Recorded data
|---|
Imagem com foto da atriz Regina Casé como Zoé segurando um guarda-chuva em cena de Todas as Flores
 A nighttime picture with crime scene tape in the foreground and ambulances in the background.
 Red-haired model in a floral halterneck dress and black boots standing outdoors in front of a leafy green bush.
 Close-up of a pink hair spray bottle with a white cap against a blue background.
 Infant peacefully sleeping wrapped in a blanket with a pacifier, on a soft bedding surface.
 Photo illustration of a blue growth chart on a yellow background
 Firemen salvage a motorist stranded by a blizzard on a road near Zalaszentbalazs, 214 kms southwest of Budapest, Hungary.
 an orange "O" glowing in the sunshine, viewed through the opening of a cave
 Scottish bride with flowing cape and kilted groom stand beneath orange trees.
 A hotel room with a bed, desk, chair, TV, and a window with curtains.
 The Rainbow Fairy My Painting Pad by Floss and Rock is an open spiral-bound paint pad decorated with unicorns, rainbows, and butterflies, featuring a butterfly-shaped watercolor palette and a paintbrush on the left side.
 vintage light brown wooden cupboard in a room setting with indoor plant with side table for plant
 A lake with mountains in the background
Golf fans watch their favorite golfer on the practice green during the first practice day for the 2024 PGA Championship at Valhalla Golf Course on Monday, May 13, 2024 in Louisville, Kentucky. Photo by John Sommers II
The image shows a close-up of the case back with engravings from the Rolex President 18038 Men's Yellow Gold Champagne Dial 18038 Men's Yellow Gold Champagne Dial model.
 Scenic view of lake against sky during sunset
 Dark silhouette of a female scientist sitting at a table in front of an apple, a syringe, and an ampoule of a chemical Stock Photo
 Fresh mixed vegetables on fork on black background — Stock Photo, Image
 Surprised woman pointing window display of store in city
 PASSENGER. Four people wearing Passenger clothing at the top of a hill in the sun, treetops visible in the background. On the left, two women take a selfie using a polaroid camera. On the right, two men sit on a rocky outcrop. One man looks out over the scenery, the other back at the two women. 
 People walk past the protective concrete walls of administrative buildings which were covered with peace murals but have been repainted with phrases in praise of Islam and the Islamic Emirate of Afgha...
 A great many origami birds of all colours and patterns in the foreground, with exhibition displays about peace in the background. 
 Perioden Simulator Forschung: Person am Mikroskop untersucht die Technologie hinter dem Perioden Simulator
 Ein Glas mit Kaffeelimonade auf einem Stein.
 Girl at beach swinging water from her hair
|---|
PROMPT: Respond with only the number of lines in the data that include the string "left".

ANSWER SPACE: 2